Problem to solve:
Filter the records down to the lines that hold the word "Back", and copy each of those lines.

(Crawled caption data)
· · ·

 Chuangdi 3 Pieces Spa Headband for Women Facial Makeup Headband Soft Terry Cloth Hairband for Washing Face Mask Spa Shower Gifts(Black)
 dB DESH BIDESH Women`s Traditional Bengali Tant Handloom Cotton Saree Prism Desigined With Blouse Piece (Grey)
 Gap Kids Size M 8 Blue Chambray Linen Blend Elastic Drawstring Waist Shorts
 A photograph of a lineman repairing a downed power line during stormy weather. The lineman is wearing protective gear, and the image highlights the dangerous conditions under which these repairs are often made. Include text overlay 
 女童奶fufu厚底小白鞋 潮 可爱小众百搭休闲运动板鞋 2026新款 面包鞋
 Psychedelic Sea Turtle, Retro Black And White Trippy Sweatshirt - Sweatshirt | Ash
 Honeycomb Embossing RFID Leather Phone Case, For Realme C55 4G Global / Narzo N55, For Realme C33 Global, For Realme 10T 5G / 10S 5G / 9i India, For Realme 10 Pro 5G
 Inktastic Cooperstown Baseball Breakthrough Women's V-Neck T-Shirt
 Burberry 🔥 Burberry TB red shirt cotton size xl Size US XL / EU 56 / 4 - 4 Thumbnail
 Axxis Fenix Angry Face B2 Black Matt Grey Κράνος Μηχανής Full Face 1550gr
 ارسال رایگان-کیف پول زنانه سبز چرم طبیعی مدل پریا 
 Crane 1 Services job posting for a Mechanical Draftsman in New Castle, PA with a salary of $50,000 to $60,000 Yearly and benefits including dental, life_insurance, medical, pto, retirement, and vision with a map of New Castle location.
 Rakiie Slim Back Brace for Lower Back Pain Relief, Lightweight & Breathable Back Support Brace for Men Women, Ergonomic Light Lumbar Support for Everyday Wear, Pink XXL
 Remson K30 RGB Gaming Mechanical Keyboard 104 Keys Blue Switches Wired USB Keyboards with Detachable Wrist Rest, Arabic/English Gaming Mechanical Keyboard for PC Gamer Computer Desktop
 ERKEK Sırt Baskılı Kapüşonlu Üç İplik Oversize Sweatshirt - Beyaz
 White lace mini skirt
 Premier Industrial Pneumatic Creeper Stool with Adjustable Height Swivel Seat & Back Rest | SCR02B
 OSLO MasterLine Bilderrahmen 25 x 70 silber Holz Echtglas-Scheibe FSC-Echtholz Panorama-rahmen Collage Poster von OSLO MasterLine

· · ·

Exercise response:
 Rakiie Slim Back Brace for Lower Back Pain Relief, Lightweight & Breathable Back Support Brace for Men Women, Ergonomic Light Lumbar Support for Everyday Wear, Pink XXL
 Premier Industrial Pneumatic Creeper Stool with Adjustable Height Swivel Seat & Back Rest | SCR02B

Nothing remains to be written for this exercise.